*TASK BRIEF:*
Return the entries exactly as they appear.

*RECORDS FOR THE EXERCISE:*
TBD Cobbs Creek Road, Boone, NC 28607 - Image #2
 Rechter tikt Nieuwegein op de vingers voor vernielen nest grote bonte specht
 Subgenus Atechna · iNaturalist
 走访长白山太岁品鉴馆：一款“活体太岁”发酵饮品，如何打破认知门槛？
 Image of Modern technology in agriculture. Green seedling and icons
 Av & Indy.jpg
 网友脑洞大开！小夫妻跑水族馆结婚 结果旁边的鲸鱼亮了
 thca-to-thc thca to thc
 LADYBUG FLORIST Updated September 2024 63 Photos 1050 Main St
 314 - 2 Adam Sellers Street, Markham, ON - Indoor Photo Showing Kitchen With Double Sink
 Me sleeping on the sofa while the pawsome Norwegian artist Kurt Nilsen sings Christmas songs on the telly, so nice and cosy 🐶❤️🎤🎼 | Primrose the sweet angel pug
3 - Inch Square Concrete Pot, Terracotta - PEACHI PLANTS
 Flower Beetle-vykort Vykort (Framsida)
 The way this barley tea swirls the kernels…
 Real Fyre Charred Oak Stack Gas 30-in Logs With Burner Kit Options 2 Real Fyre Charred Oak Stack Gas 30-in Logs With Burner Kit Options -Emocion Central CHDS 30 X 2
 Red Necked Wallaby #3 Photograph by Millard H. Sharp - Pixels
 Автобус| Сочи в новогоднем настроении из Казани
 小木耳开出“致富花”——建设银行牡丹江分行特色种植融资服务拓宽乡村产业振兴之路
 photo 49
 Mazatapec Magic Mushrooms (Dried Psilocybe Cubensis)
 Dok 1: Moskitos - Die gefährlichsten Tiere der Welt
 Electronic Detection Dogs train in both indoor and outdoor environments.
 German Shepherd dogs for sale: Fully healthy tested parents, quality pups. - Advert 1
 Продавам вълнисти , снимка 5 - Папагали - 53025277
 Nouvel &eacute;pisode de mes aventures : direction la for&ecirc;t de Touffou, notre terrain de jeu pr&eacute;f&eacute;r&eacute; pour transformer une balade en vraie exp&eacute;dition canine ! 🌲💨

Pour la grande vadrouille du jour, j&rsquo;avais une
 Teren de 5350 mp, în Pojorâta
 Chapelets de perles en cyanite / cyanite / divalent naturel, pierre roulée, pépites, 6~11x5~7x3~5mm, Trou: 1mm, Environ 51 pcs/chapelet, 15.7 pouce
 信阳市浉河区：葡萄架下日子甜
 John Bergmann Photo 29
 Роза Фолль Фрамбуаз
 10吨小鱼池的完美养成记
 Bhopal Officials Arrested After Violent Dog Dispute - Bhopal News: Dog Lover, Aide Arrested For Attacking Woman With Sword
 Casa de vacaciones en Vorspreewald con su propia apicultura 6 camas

*OUTPUT FOR THIS TASK:*
TBD Cobbs Creek Road, Boone, NC 28607 - Image #2
 Rechter tikt Nieuwegein op de vingers voor vernielen nest grote bonte specht
 Subgenus Atechna · iNaturalist
 走访长白山太岁品鉴馆：一款“活体太岁”发酵饮品，如何打破认知门槛？
 Image of Modern technology in agriculture. Green seedling and icons
 Av & Indy.jpg
 网友脑洞大开！小夫妻跑水族馆结婚 结果旁边的鲸鱼亮了
 thca-to-thc thca to thc
 LADYBUG FLORIST Updated September 2024 63 Photos 1050 Main St
 314 - 2 Adam Sellers Street, Markham, ON - Indoor Photo Showing Kitchen With Double Sink
 Me sleeping on the sofa while the pawsome Norwegian artist Kurt Nilsen sings Christmas songs on the telly, so nice and cosy 🐶❤️🎤🎼 | Primrose the sweet angel pug
3 - Inch Square Concrete Pot, Terracotta - PEACHI PLANTS
 Flower Beetle-vykort Vykort (Framsida)
 The way this barley tea swirls the kernels…
 Real Fyre Charred Oak Stack Gas 30-in Logs With Burner Kit Options 2 Real Fyre Charred Oak Stack Gas 30-in Logs With Burner Kit Options -Emocion Central CHDS 30 X 2
 Red Necked Wallaby #3 Photograph by Millard H. Sharp - Pixels
 Автобус| Сочи в новогоднем настроении из Казани
 小木耳开出“致富花”——建设银行牡丹江分行特色种植融资服务拓宽乡村产业振兴之路
 photo 49
 Mazatapec Magic Mushrooms (Dried Psilocybe Cubensis)
 Dok 1: Moskitos - Die gefährlichsten Tiere der Welt
 Electronic Detection Dogs train in both indoor and outdoor environments.
 German Shepherd dogs for sale: Fully healthy tested parents, quality pups. - Advert 1
 Продавам вълнисти , снимка 5 - Папагали - 53025277
 Nouvel &eacute;pisode de mes aventures : direction la for&ecirc;t de Touffou, notre terrain de jeu pr&eacute;f&eacute;r&eacute; pour transformer une balade en vraie exp&eacute;dition canine ! 🌲💨

Pour la grande vadrouille du jour, j&rsquo;avais une
 Teren de 5350 mp, în Pojorâta
 Chapelets de perles en cyanite / cyanite / divalent naturel, pierre roulée, pépites, 6~11x5~7x3~5mm, Trou: 1mm, Environ 51 pcs/chapelet, 15.7 pouce
 信阳市浉河区：葡萄架下日子甜
 John Bergmann Photo 29
 Роза Фолль Фрамбуаз
 10吨小鱼池的完美养成记
 Bhopal Officials Arrested After Violent Dog Dispute - Bhopal News: Dog Lover, Aide Arrested For Attacking Woman With Sword
 Casa de vacaciones en Vorspreewald con su propia apicultura 6 camas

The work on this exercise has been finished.